Взрослые с удовольствием и должным терпением следят за ранним развитием ребенка. Никто не подгоняет малыша на пути овладения ходьбой и речью. С другой стороны, отсутствует детская речь (baby talk) как таковая. Первый язык, которому учат ребенка, – это индейский язык прежних времен; английский же до сих пор оказывается проблемой для многих детей, когда они поступают в школу.

Приучение к туалету совершается главным образом через подражание. Когда поблизости нет белых, малыш расхаживает без повязки или трусов. Однако отмечается тенденция ускорять формирование умения контролировать стул и точно обозначать участки для отправления естественных надобностей.

Детей современных дакота заботливо приучают быть щедрыми. Им до сих пор дарят ценные подарки, например, лошадей. Дети пяти, шести и семи лет дарят свободно – и с удовольствием. «Как-то на похоронах, где много дарили, маленький мальчик из семьи умершего потратил свою единственную монету в 10 центов на покупку порошкового лимонада, чтобы в соответствии с обычаем выставить ведро оранжада для угощения приходящих навестить его семью мальчиков». Имущество иногда убирают, но в остальном никак не защищают от детей – факт, воспринимаемый белыми людьми «с недоумением и полным разочарованием».

Главные средства воспитания – предостеречь и пристыдить. Детям позволяют вопить от ярости: «это сделает их сильными». Шлепки хотя и встречаются, но все-таки редко. Стыдят же ребенка все сильнее, особенно если он продолжает дурно вести себя, причем и в семье взрослые выделяют в качестве проступков прежде всего эгоизм и соперничество, стремление извлечь выгоду из трудного положения других. Напряженные семейные ситуации гости предпочитают обходить на почтительном расстоянии.

Маленькие мальчики (вместо игры с луком и стрелами, да костями бизона) увлечены арканами и рогатками, и ради торжества духа охотника их поощряют гоняться за петухами и другими мелкими животными. Девочки играют в куклы и посильно участвуют в ведении хозяйства.

К пяти-шести годам ребенок племени дакота уже сознавал, что в семье он нежно любим и находится в полной безопасности. Какое-то разделение полов вступает в силу, но от обычая избегания уже отказались, и это отмечается практически всеми наблюдателями как наиболее характерная перемена. Лишь в парных танцах братья и сестры продолжают избегать друг друга.

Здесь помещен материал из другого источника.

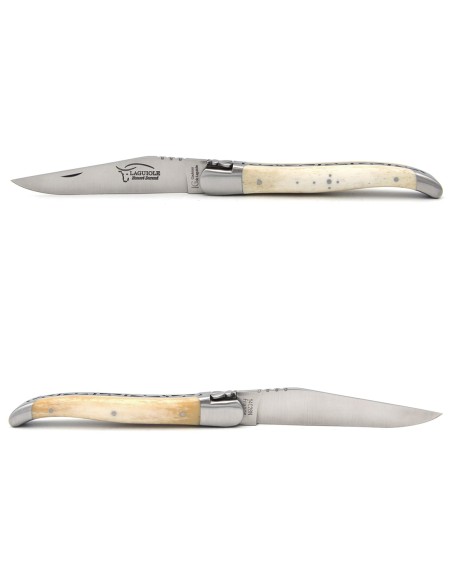 Laguiole with Geographical Indication label, 12 cm bone (bovine) handle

В школе дети с большей примесью индейской крови учатся получать удовольствие от состязания, и вообще школа используется как место встреч, когда семейные узы становятся тесными. Все же многие выходят из соревнования, а некоторые совсем отказываются отвечать на вызов. «Требование конкурировать в классе противоречит характеру ребенка дакота, и он осуждает соперничающих детей среди своих товарищей». Это препятствие, в сочетании с неспособностью говорить по-английски и боязнью белого учителя, приводит к частым случаям смущенного ухода в себя или побегам. Ребенка не наказывают, когда он сбегает домой: его родители сами имеют обыкновение бросать работу или покидать общину, когда испытывают растерянность или гнев.

Младшие мальчики бьют девочек больше, чем это обычно бывает в белых школах. Старших мальчиков соревновательные игры, такие как бейсбол, могут иногда приводить в замешательство из-за необходимости проявлять соревновательность. Однако среди мальчиков отмечается возросшая тенденция драться яростно (теряя контроль над собой) как в школе, так и дома.

Старшие девочки до сих пор ведут себя с опаской по отношению к юношам и мужчинам, путешествуют всегда в компании с другими девочками, отказываются ездить верхом и держатся совершенно обособленно от мальчиков.

Школа-интернат, которая (по сравнению с домашней жизнью) оказывается местом материальной роскоши и богатых возможностей для реализации разнообразных интересов, несет с собой самые приятные годы в жизни индейского ребенка. Тем не менее, подавляющее большинство учеников средней школы ее не заканчивают. Рано или поздно они начинают прогуливать уроки и, в конце концов, бросают учебу навсегда. Причина – опять-таки состояние замешательства и растерянности в ситуациях, где проблемы стыда и конкуренции, чистокровности и нечистокровности, мужского и женского стали неразрешимыми из-за изменения нравов. Кроме того, длительное обучение, по-видимому, не сулит в данном случае более определенной идентичности (или более гарантированного дохода).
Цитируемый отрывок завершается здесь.